Israel and Morocco will open embassies in each other’s countries in two months, Foreign Minister Yair Lapid said in Rabat on Thursday.
Lapid said he and Moroccan Foreign Minister Nasser Bourita agreed to further upgrade diplomatic ties, which they restored to the level of liaison offices in December.
Bourita is expected to dedicate the Moroccan Embassy in Israel in October or November, depending on the pandemic. His visit to Israel will be on the first direct Royal Morocco flight to Israel, Lapid said.
“Strategically, what we are creating here and what we are creating in recent months is a diplomatic access,” Lapid explained. “Think of it as a kind of a circle of Israel and Morocco and Egypt and Jordan and in some ways you can say Cyprus and Greece, Bahrain, the United Arab Emirates. All of the countries that are religiously moderate with truly infinite economic potential. This creates a pragmatic alternative to religious extremism and builds a constant diplomatic dialogue.”
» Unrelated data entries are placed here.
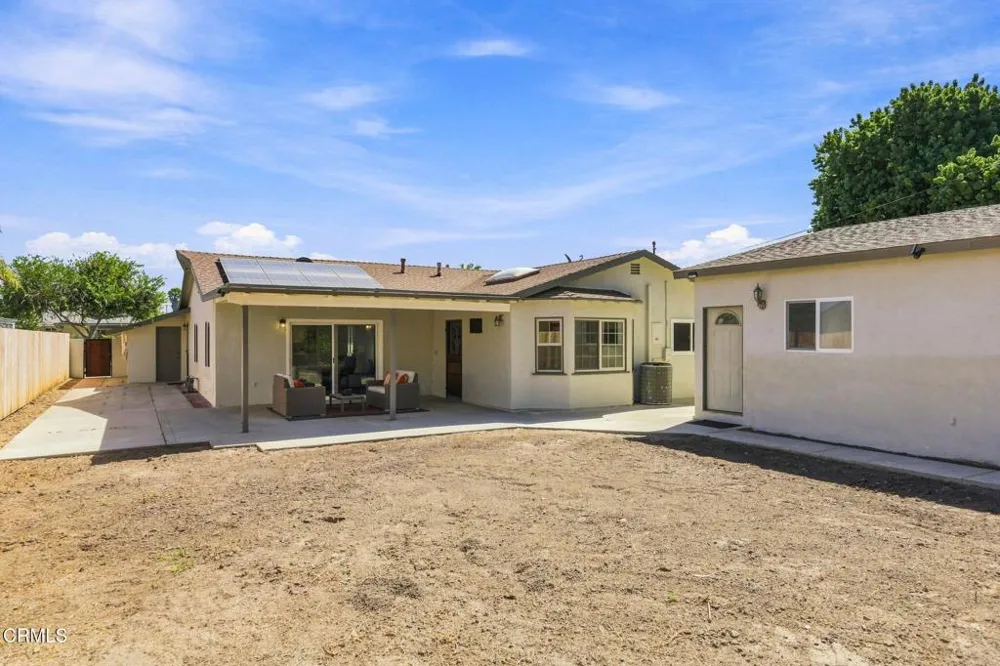 385 Hayes Avenue Ventura, CA 93003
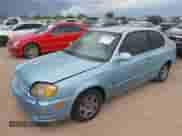 2005 Hyundai Accent GLS z VIN KMHCG35C35U361960, wystawiony jako IAAI lot #43243568 z przebiegiem 163 217 mil mil oraz . Historia ofert i sprzedaży dostępna na DreamBid. Obrazek 2.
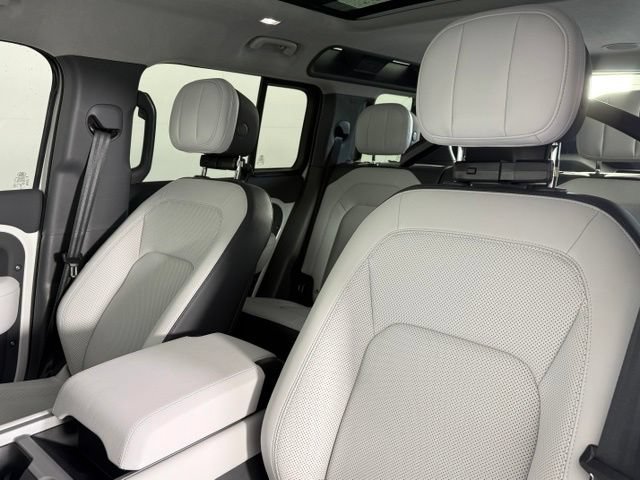 New 2026 Land Rover Defender 110 V8 AWD/4WD image 6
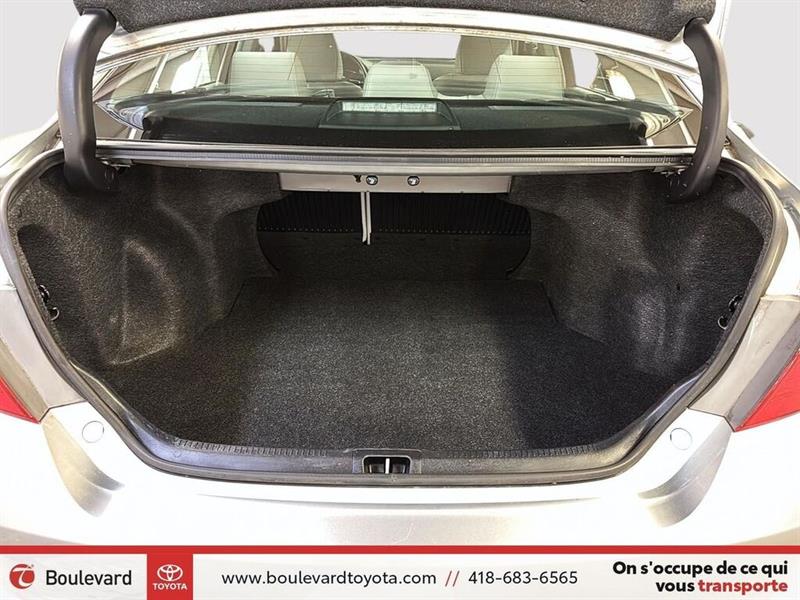 toyota Camry 2015 - 22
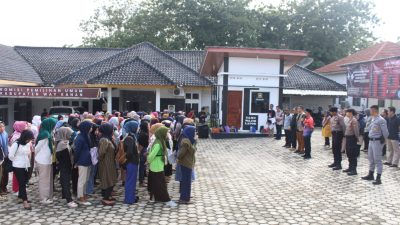 KPU Way Kanan mulai pelipatan & sortir surat suara Pemilu 2024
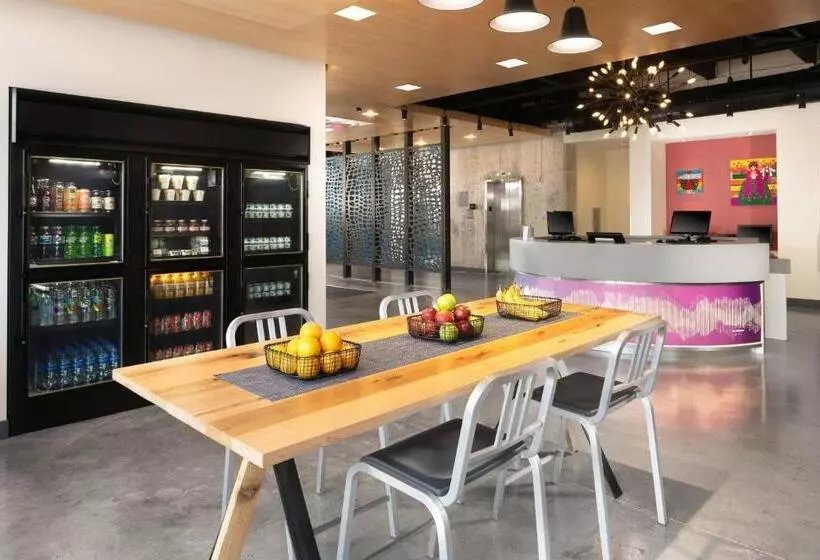 Hotelli Aloft Miami Airport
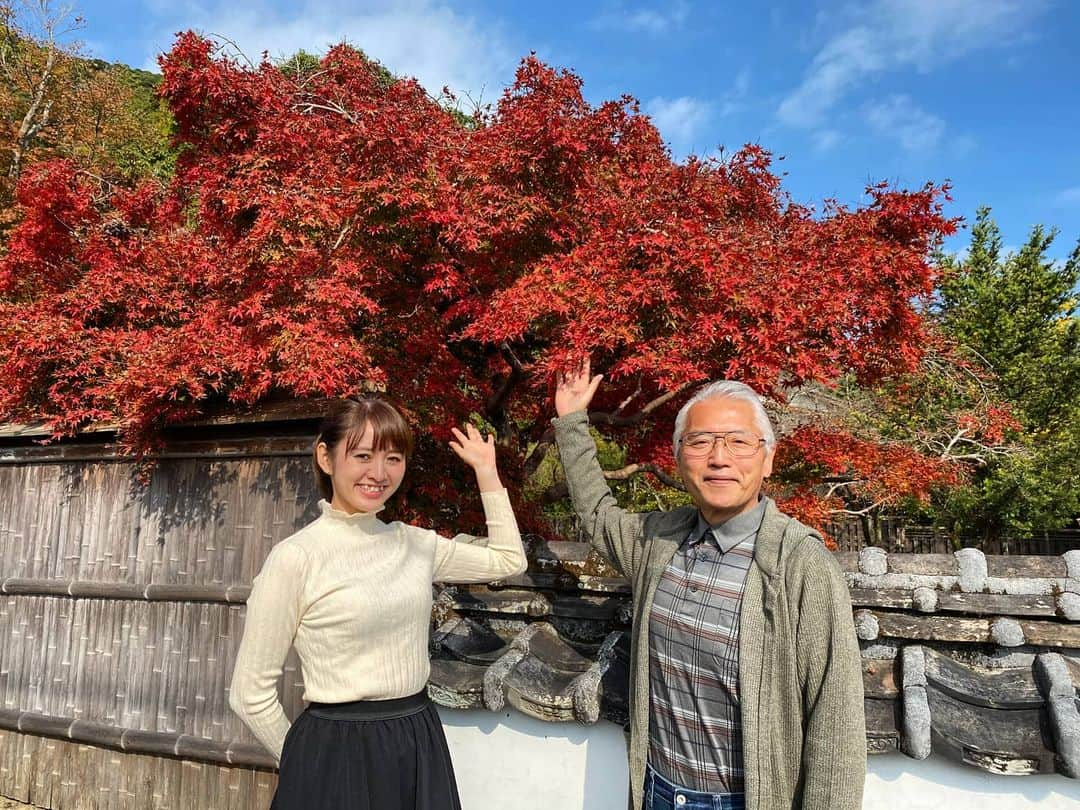 岩野理沙さんのインスタグラム写真 - (岩野理沙Instagram)「12月の佐伯深掘り漫遊記は 「毛利高政」を深掘りしています🥰♥️  宮明さんがずーっと疑問に思っていたことを謎解きます🤔✨🏵️  私は話を聴くのが面白くて、 聞き入っていました笑  今年最後の漫遊記！ 是非お楽しみ下さい(*^^*)  #佐伯　#佐伯深掘り漫遊記　#紅葉　#宮明さん　#歴史　#毛利高政　#12月　#ケーブルテレビ佐伯」12月2日 12時04分 - risaiwano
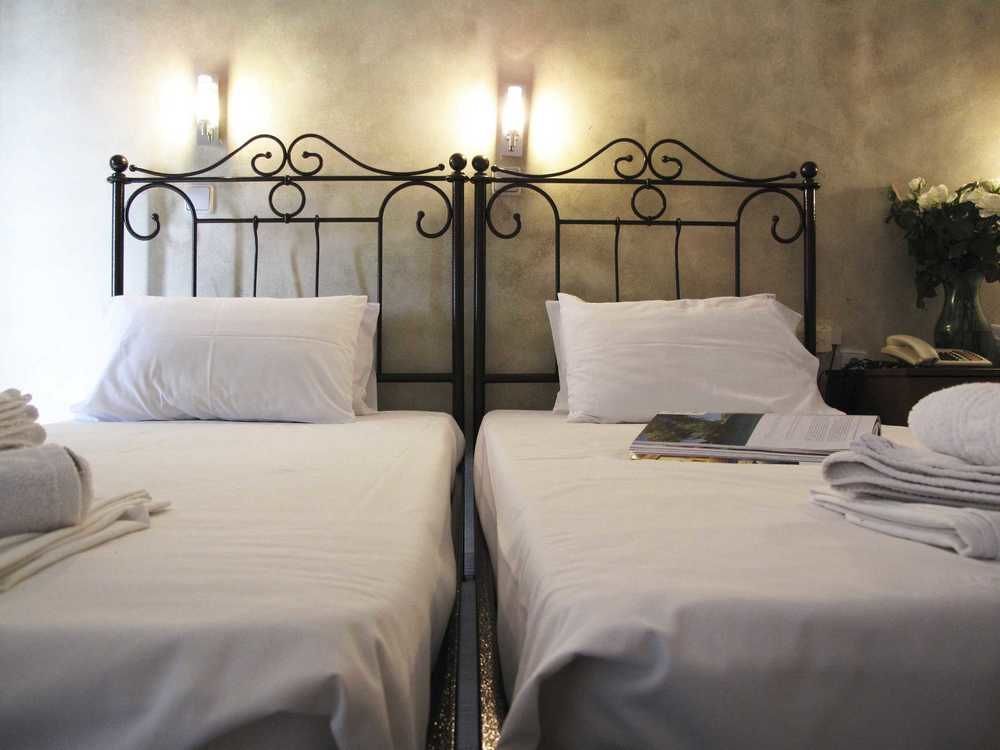 Hotel Azur Kриопиги Екстериор снимка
Morocco, Lapid said, is an especially important country in this process, as a leading country in Africa with a tradition of being moderate and stable.
Earlier, Lapid dedicated the Israeli Liaison Office in Rabat, which reopened earlier this year 20 years after Israel and Morocco broke off diplomatic relations.
Lapid and Moroccan Deputy Foreign Minister Mohcine Jazouli cut the ribbon to the office, and Ambassador David Govrin, head of the Liaison Office, affixed a mezuzah to its door.
The foreign minister’s visit to Morocco was the first by a senior Israeli official since the two countries renewed ties in December. Lapid is the first Israeli foreign minister to visit Morocco since Silvan Shalom, who tried to bring about normalization in 2003.
During his meeting with Bourita on Wednesday, Lapid relayed an invitation from President Isaac Herzog to Moroccan King Muhammad VI to Israel.
“Allow me to express my sincere appreciation for Your Majesty’s decision to establish full diplomatic, peaceful and friendly relations between the Kingdom of Morocco and the State of Israel,” Herzog wrote. “We are committed to deepening the strength of our relations and hope that they further expand and flourish over time.”
Herzog expressed admiration for the king’s “groundbreaking contribution to Arab-Israeli reconciliation in many countries across our region,” and appreciation for the royal family’s “commitment... to guarantee the safety and security of the Jews in your country throughout the years... a cherished symbol of solidarity.”
Bourita said that Lapid’s visit “reflects the commitment of our two countries to strengthen our bilateral relations and give them concrete impetus through the establishment of effective cooperation mechanisms.
“Since the signing last December of the Tripartite Agreement between Morocco-US-Israel, a positive dynamic between the two countries led to the creation of five working teams covering promising sectors, such as R&D, tourism and agriculture,” Bourita added.
The Moroccan foreign minister also said that King Muhammad VI called to resume negotiations between Israel and the Palestinians toward a two-state solution.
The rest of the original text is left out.